Immune to redundancy, LA-turned-Berlin experimental trio Xiu Xiu follow last year’s death-industrial nightmare Ignore Grief with yet another reinvention. Named after one of the world’s largest switchblades (which frontperson Jamie Stewart owns two of), 13″ Frank Beltrame Italian Stiletto with Bison Horn Grips is a stampede of gritty excess. The record opens with ‘Arp Omni’, an airy and orchestral lovesick ambient piece. Stewart croons with heart-on-your-sleeve frankness, humbled in the face of a freckled lover. The song recalls early Xiu Xiu confessionals like ‘Ian Curtis Wishlist’ or ‘Sad Redux-O-Grapher’.  As the strings swell towards climax, a barrage of distorted noise cascades in. For the rest of its tracklist, 13” eschews the ethereal sentimentality of its overture, reborn as something brash and delicious.

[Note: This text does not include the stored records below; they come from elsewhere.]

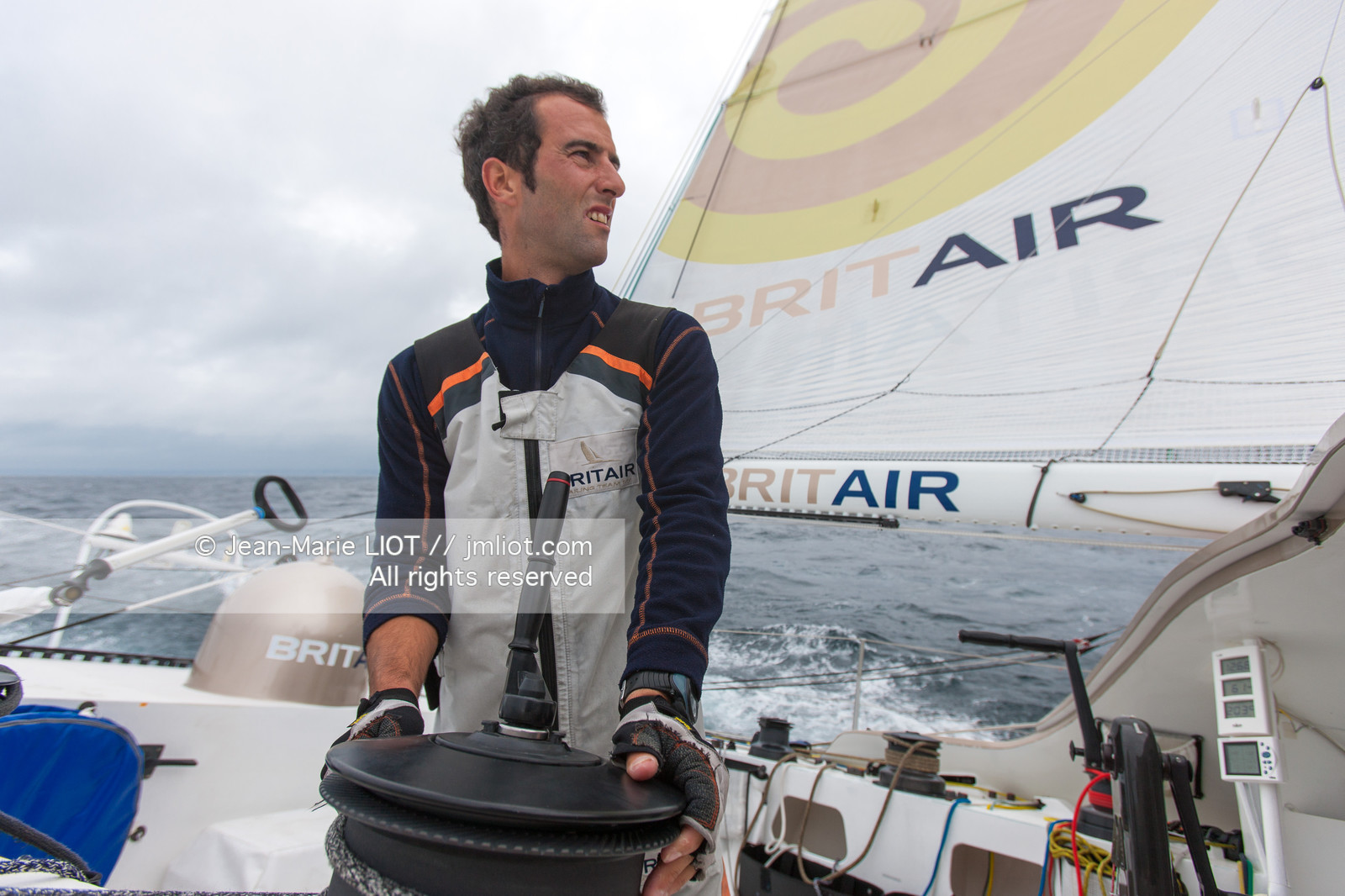 Armel le Cléac'h à l'entrainement sur Britair avant le départ de la route du Rhum 2010. Photo © Jean-Marie Liot.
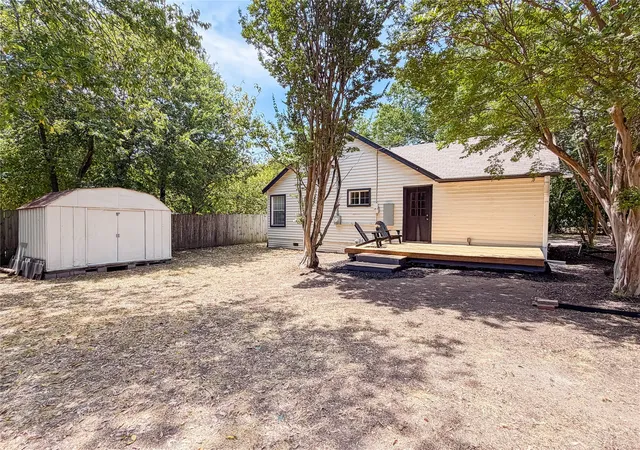 Photo 3 of Single family home for sale at 212 Penn St, Waxahachie, TX 75165 | MLS# 21348725 | Listing updated on 2026-09-08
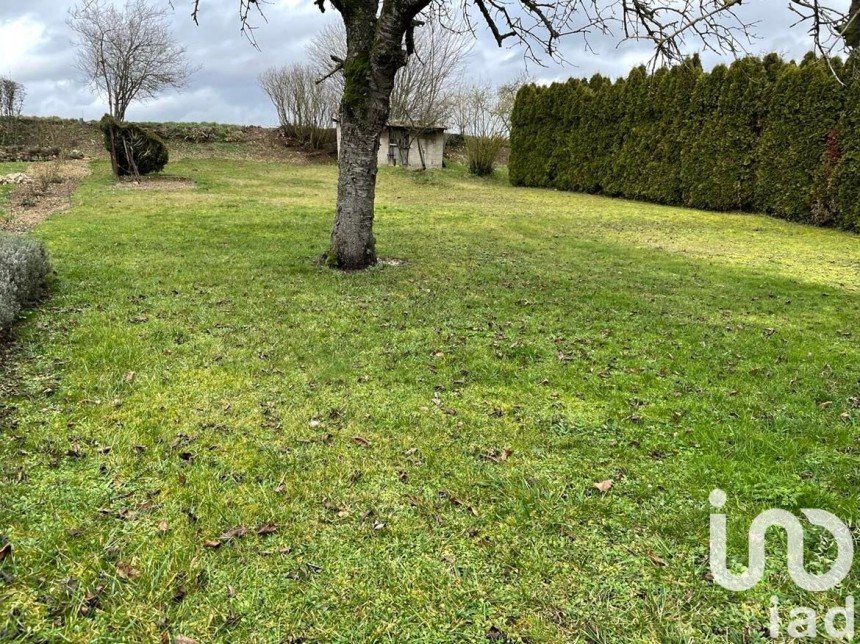 Land of 757 m² in La Neuville-Roy (60190)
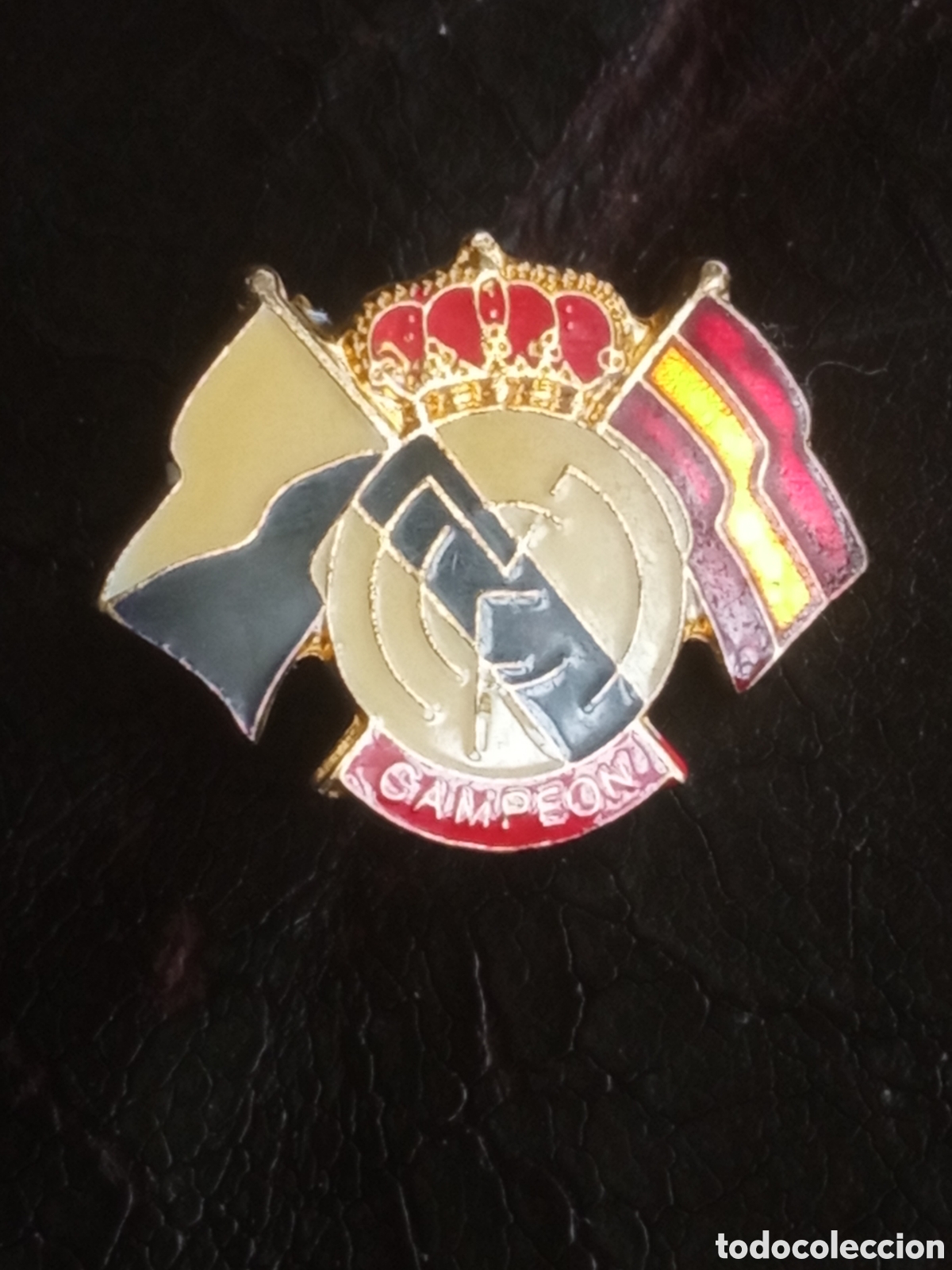Coleccionismo deportivo: Antiguo pins del Real Madrid - Foto 1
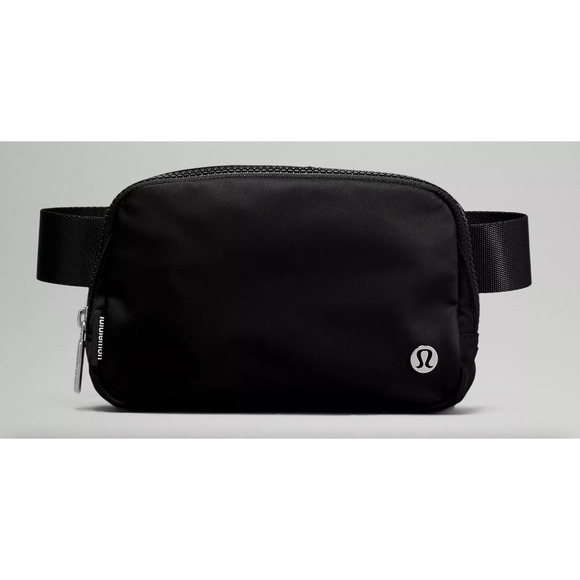 lululemon athletica Handbags - LULULEMON Everywhere Belt Bag Black 1L NWT LU9AX2S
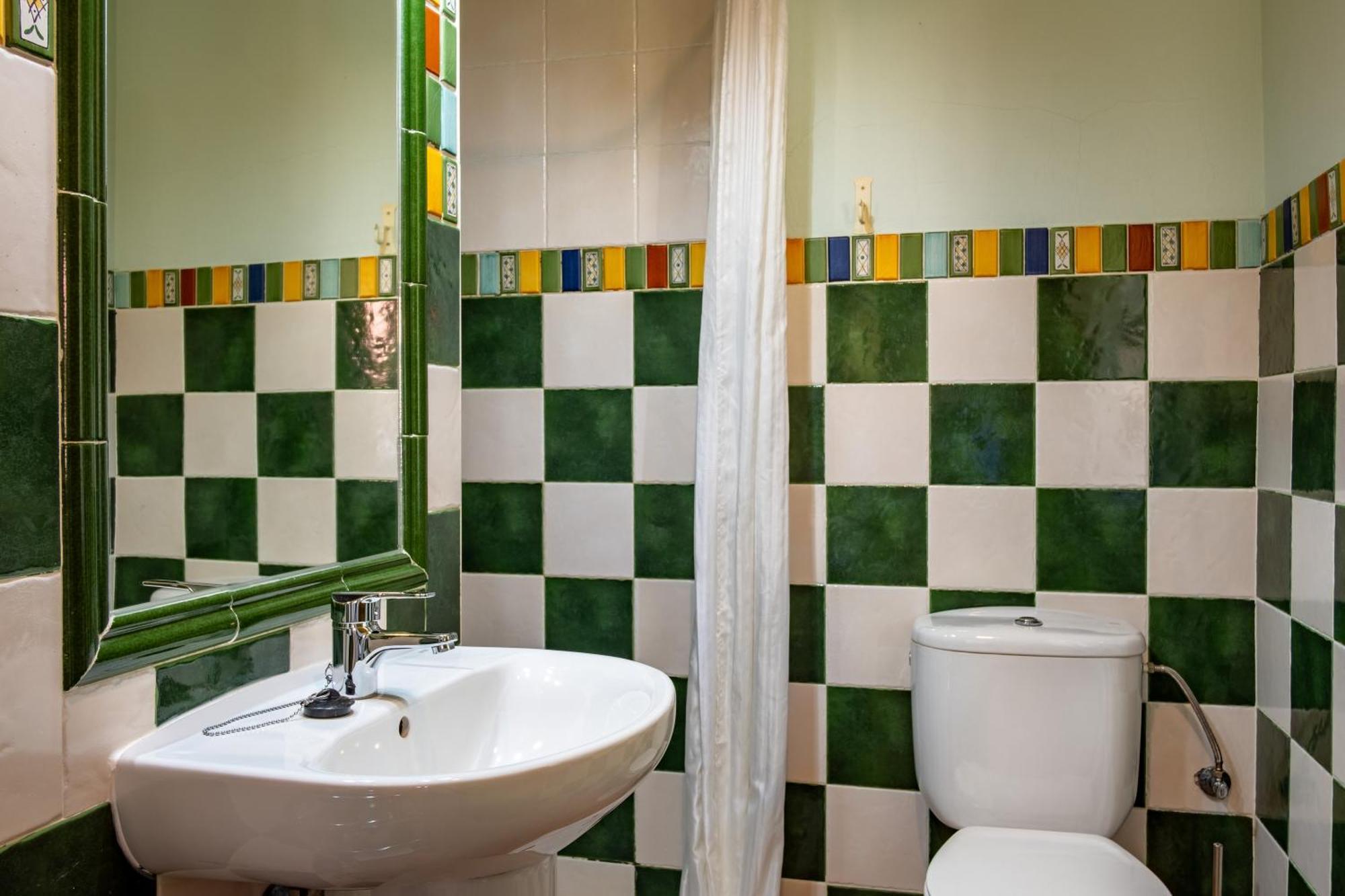 Amaltea Guest House Candeleda Ngoại thất bức ảnh
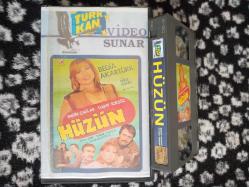 HÜZÜN 1984 Bedia AKARTÜRK ORJİNAL VHS, Bandrollü temiz kaset.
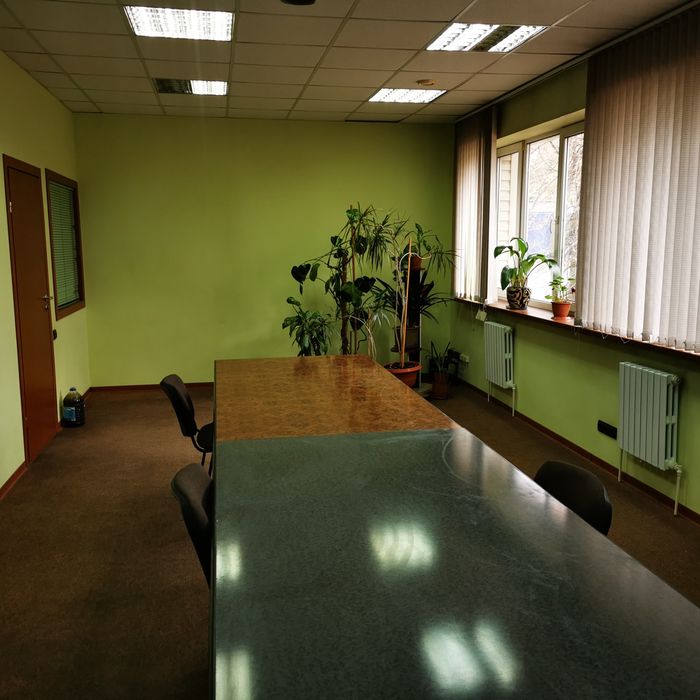 Офісні приміщення, район Трц Караван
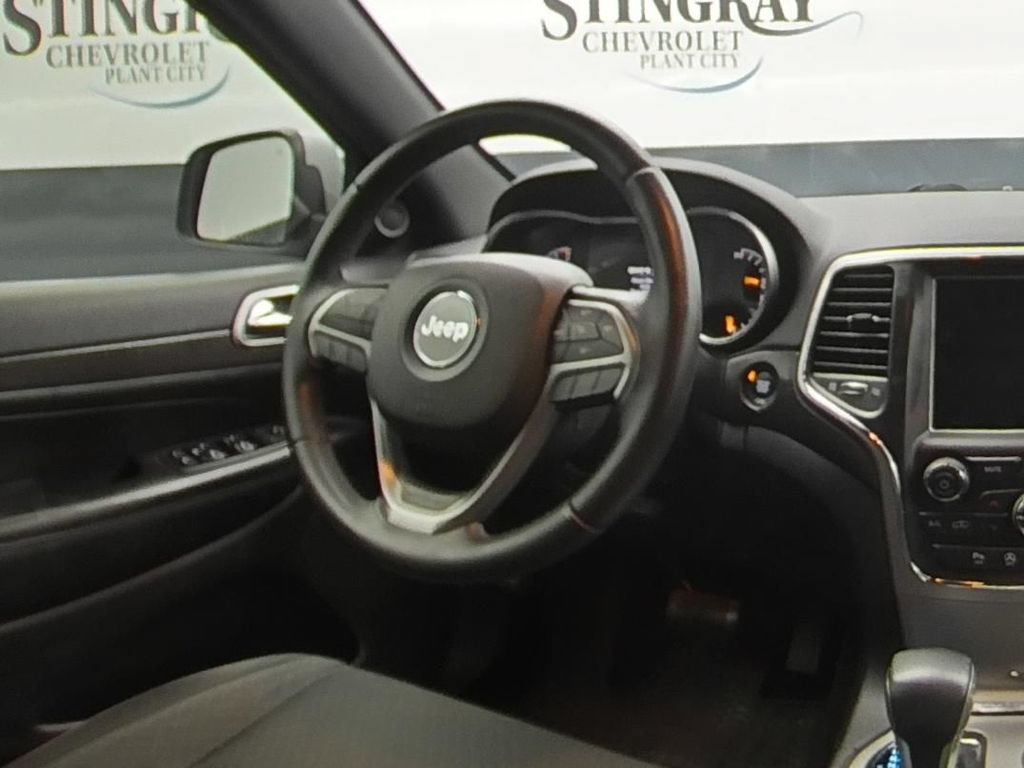 Used 2018 Jeep Grand Cherokee Laredo RWD image 16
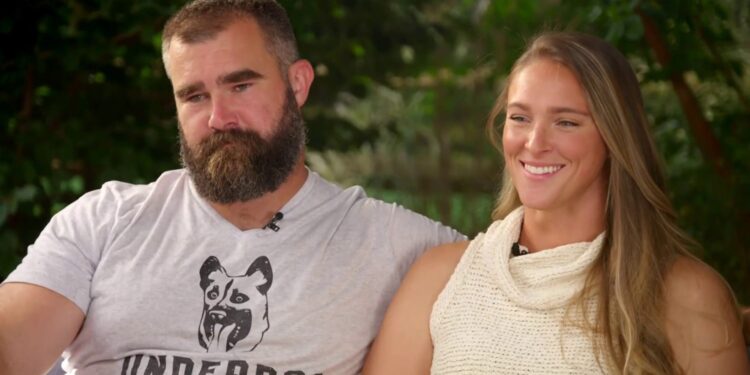 Jason Kelce with his wife Kylie PHOTO/America Today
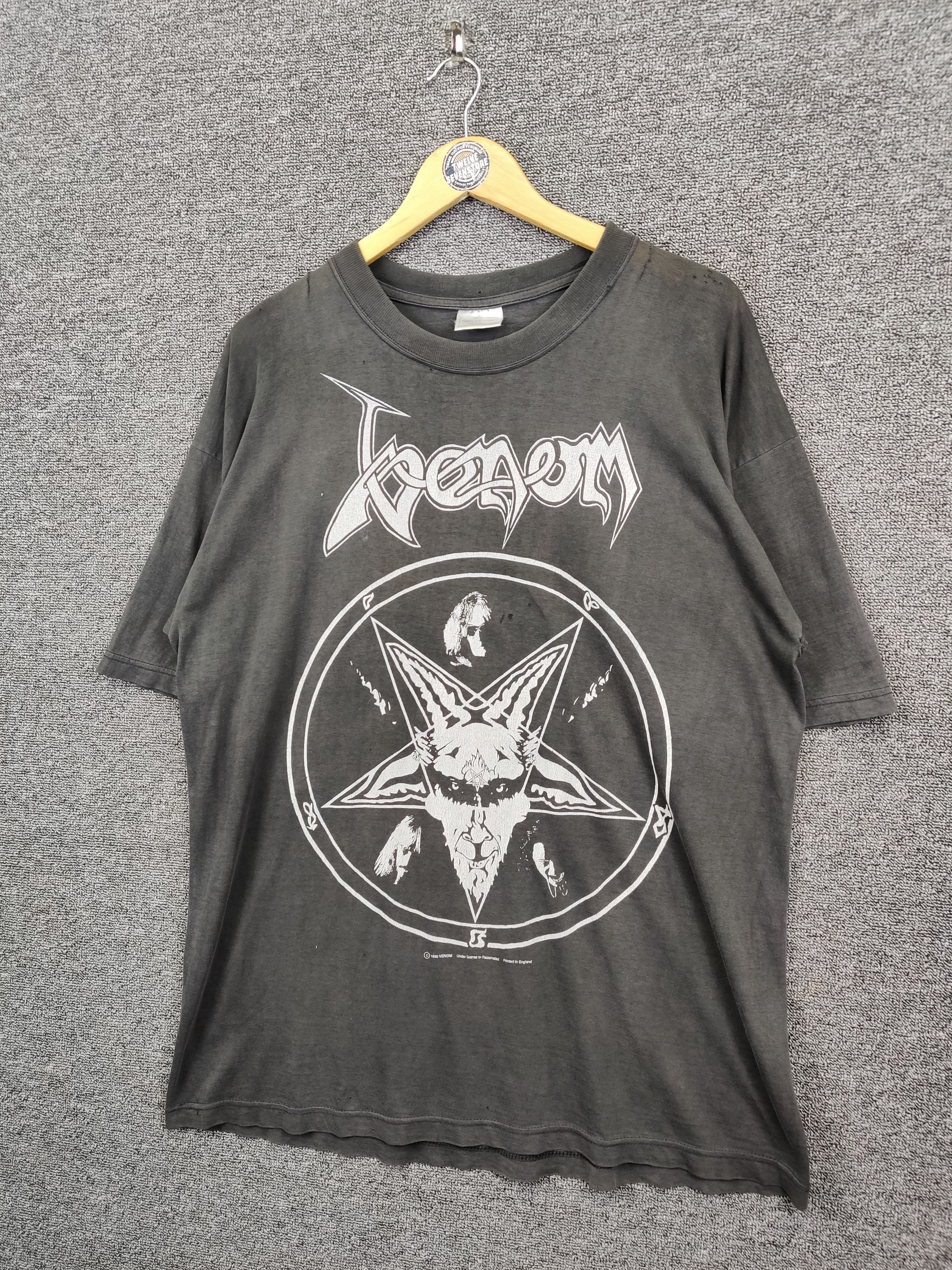 Band Tees Vintage 90s Venom Metal Band Tee Tshirt Size US XL / EU 56 / 4 - 2 Thumbnail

In our conversation, Stewart mentions Nine Inch Nails’ The Downward Spiral. The band’s miracle sophomore record is a perfect reference point: a defiantly abrasive and misanthropic work that’s simultaneously danceable and addictive; Trent Reznor’s industrial, gutter-scraping suicidal fantasies became Billboard hits. A similar contradiction hovers over 13”. Both raw and painstakingly detailed, the album conjures a feverish séance of distortion-overloaded maximalism. Yet simultaneously, it’s the most thoroughly pop-ish Xiu Xiu record in ages.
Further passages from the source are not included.